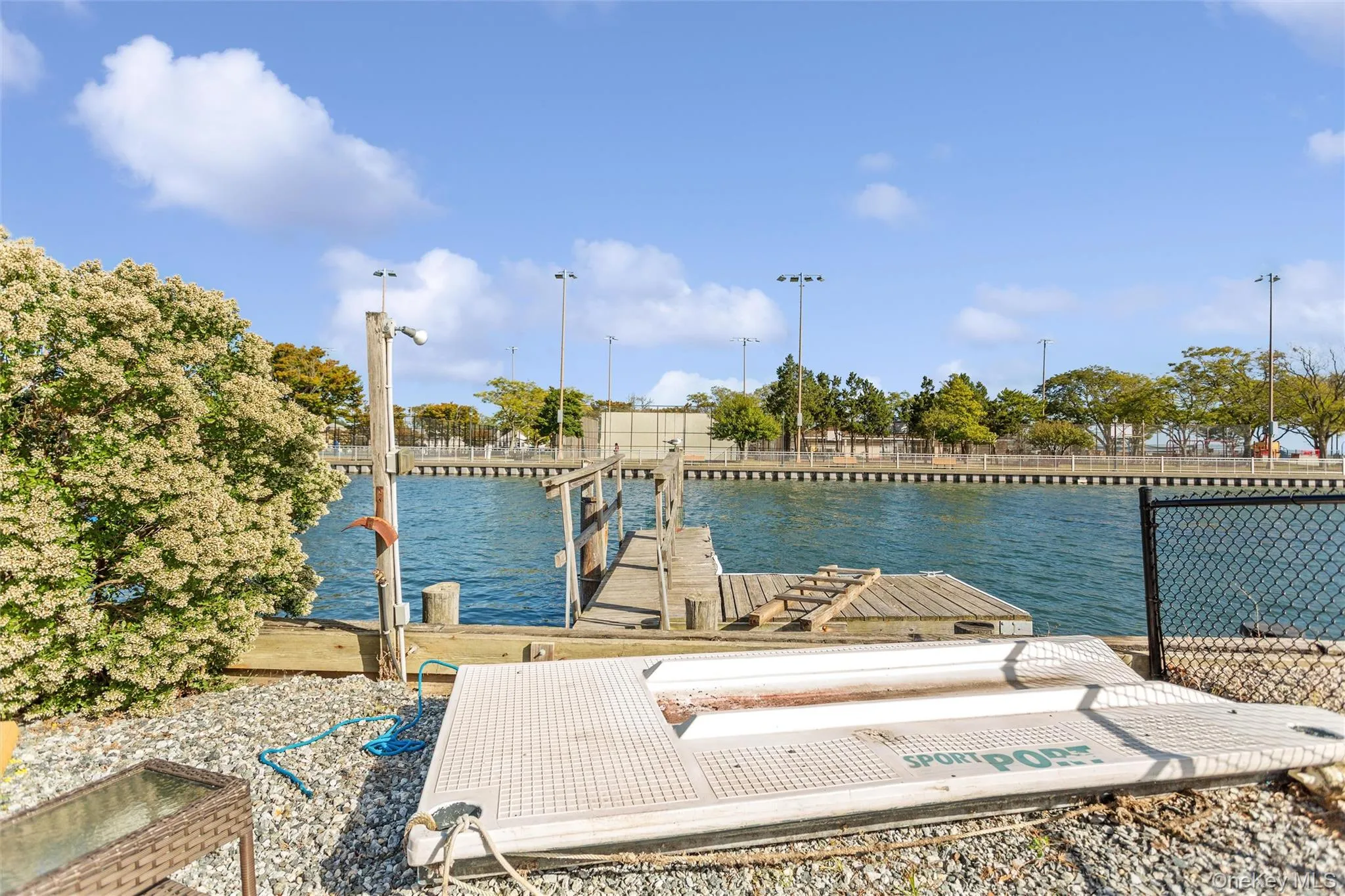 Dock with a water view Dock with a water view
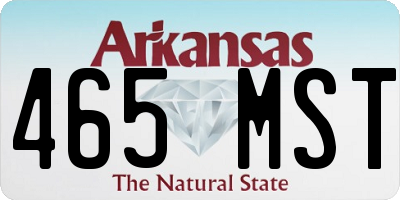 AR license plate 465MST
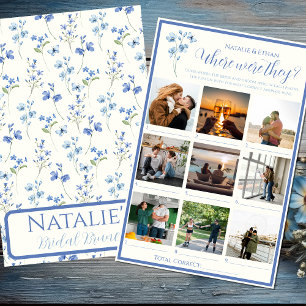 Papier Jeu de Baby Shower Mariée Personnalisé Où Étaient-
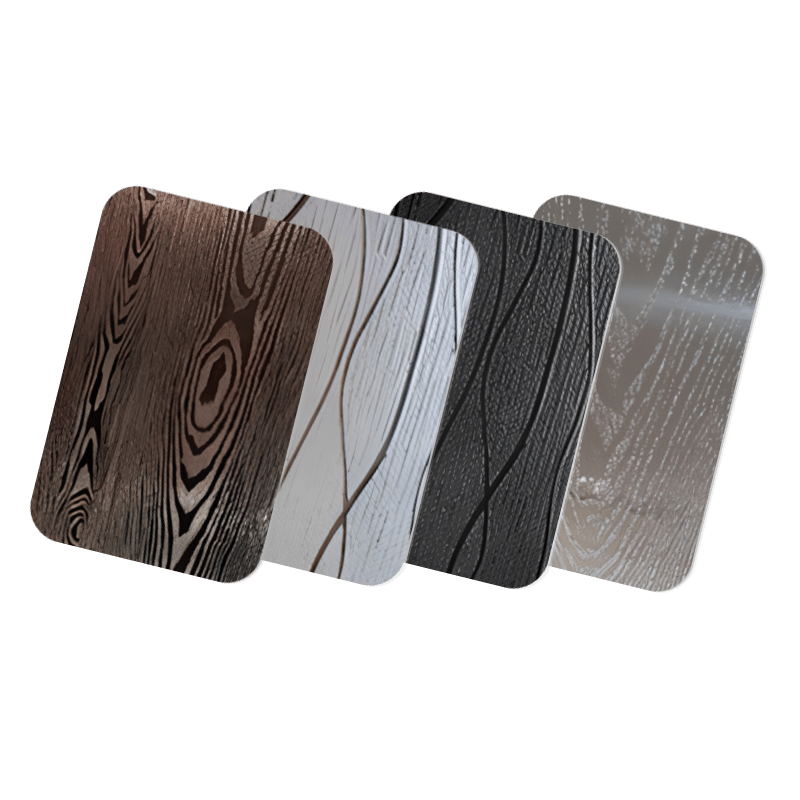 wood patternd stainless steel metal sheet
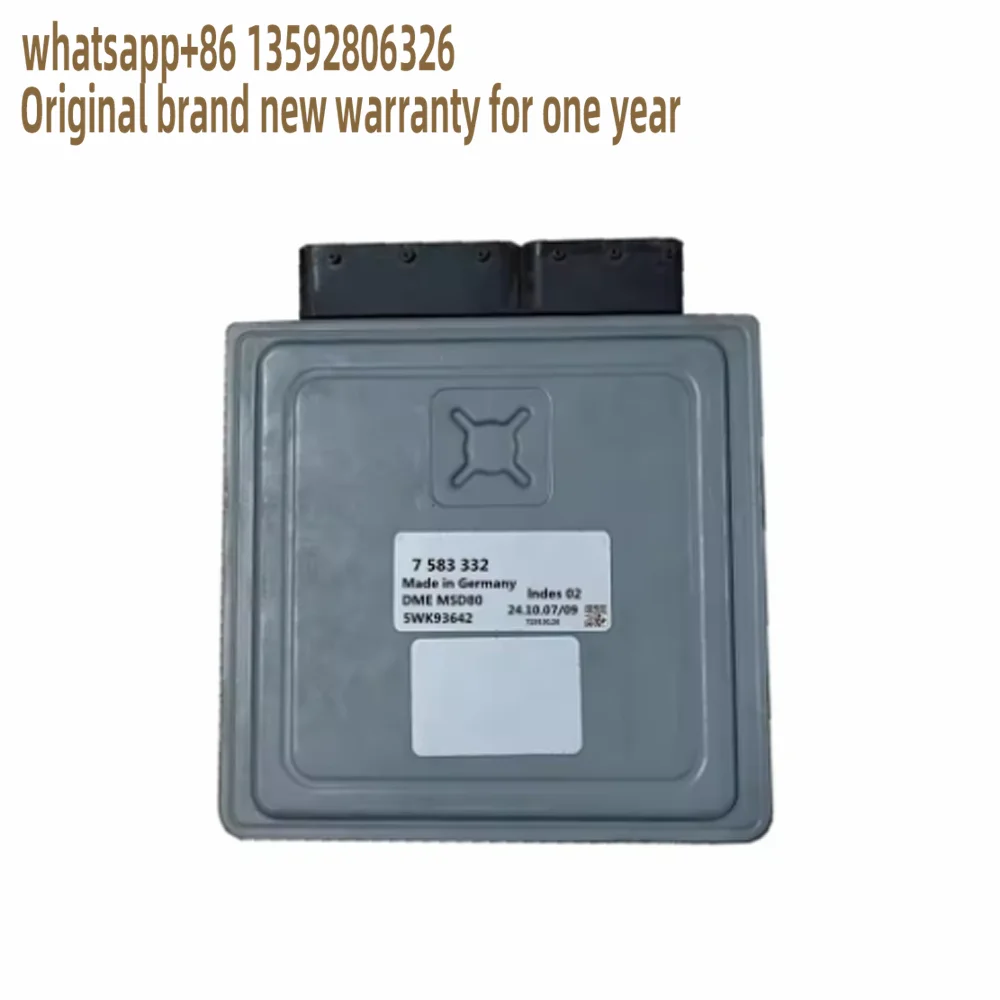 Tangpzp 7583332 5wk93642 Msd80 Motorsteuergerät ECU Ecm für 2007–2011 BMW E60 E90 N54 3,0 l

● ● ●

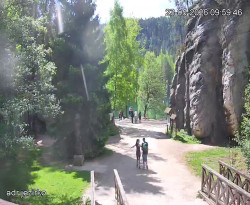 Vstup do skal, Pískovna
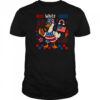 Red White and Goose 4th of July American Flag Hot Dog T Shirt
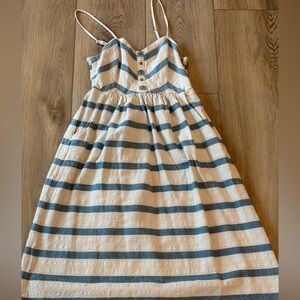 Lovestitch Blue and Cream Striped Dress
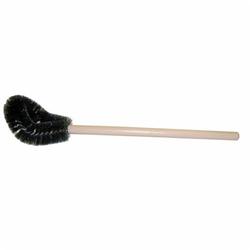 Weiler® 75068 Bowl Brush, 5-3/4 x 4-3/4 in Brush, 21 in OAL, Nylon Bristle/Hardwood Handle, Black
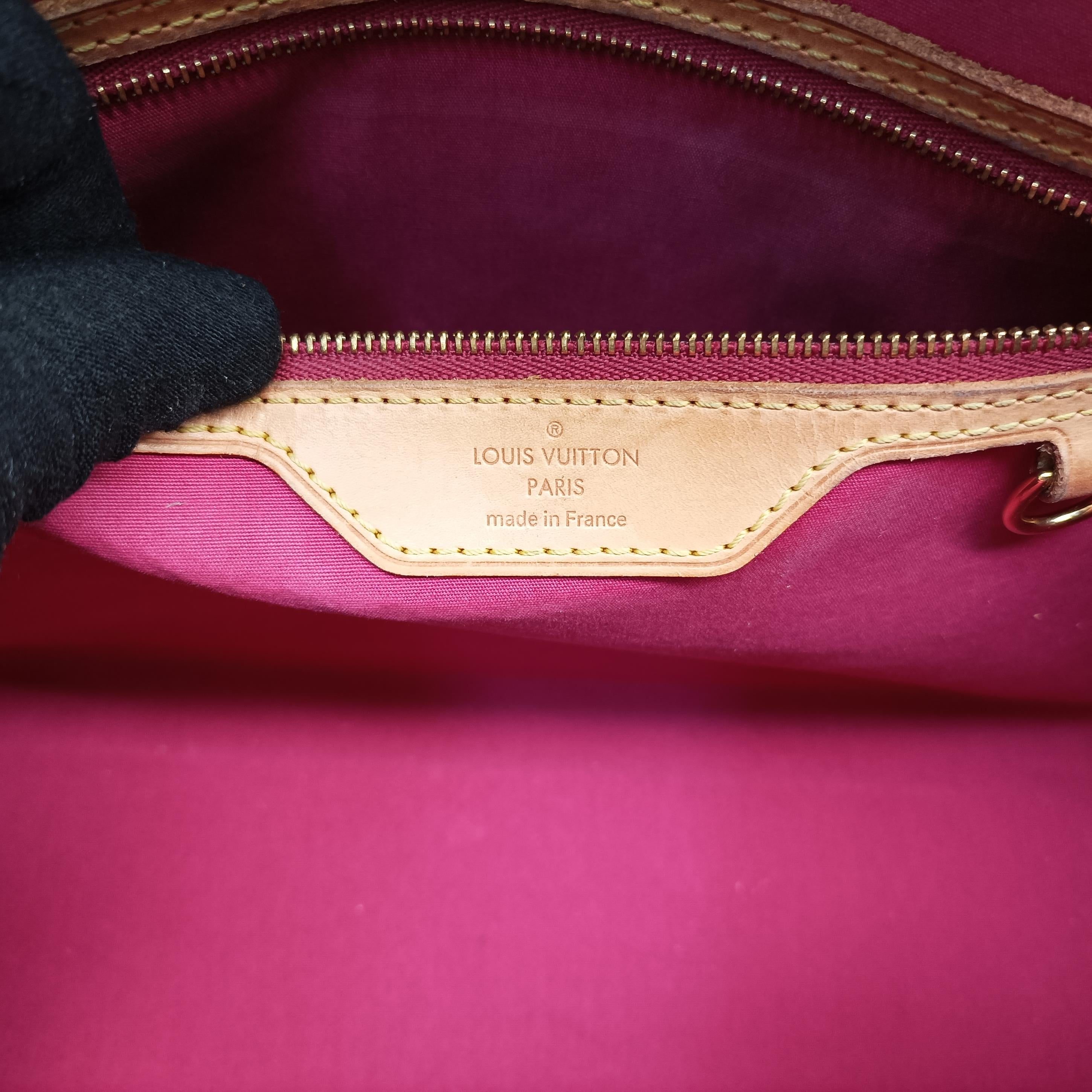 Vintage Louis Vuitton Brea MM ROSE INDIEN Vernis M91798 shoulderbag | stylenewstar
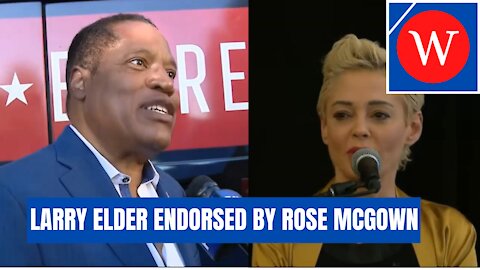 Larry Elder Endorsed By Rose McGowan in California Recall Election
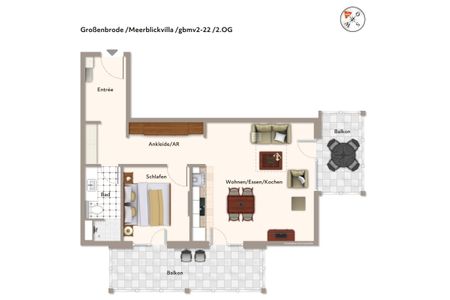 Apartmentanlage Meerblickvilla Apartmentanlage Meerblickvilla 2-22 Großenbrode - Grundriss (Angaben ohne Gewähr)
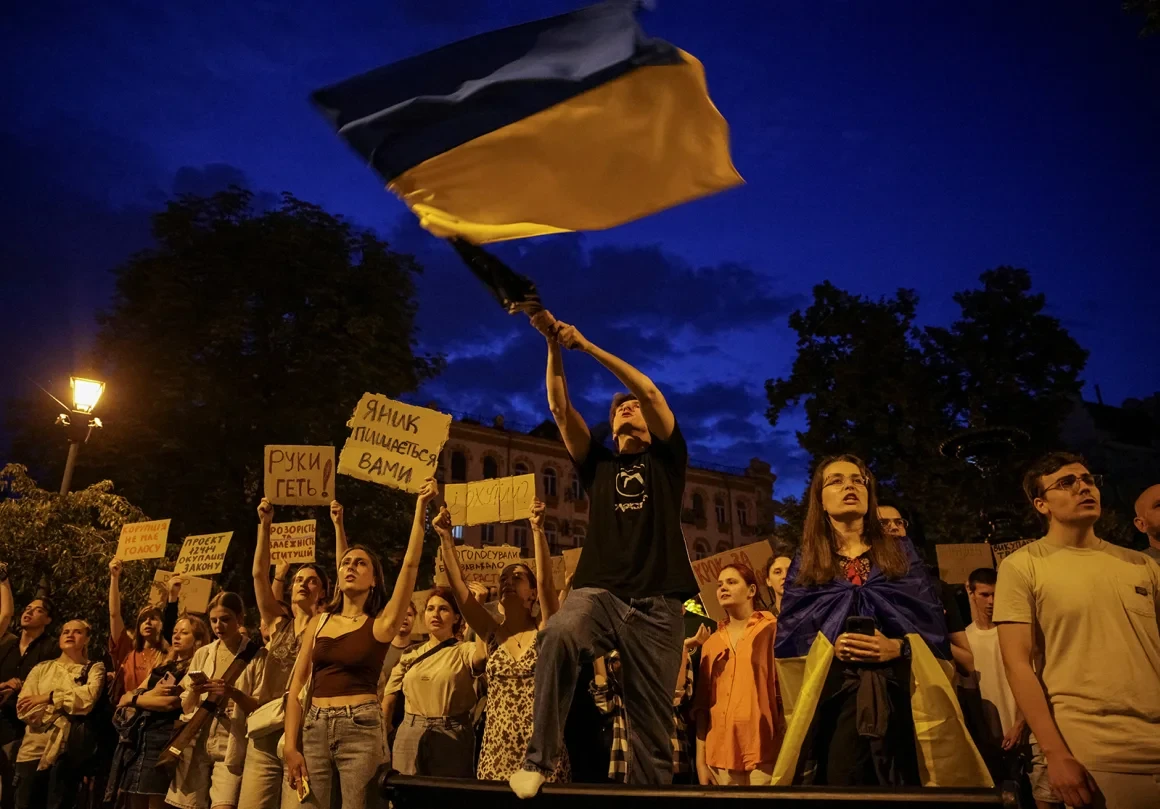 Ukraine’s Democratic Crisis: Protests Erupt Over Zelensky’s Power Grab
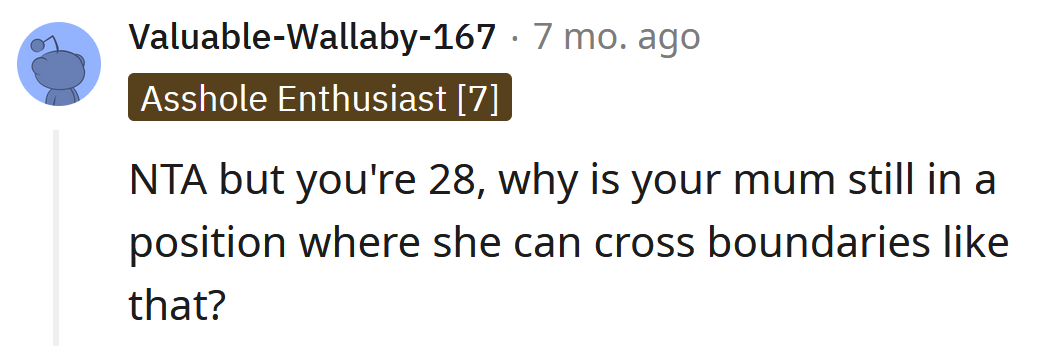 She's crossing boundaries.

● ● ●

Output exactly the lines above that lie between the line with "wood patternd stainless steel metal sheet" and the line with "Tangpzp 7583332 5wk93642", those two lines included, and no pictures.

 wood patternd stainless steel metal sheet
 Tangpzp 7583332 5wk93642 Msd80 Motorsteuergerät ECU Ecm für 2007–2011 BMW E60 E90 N54 3,0 l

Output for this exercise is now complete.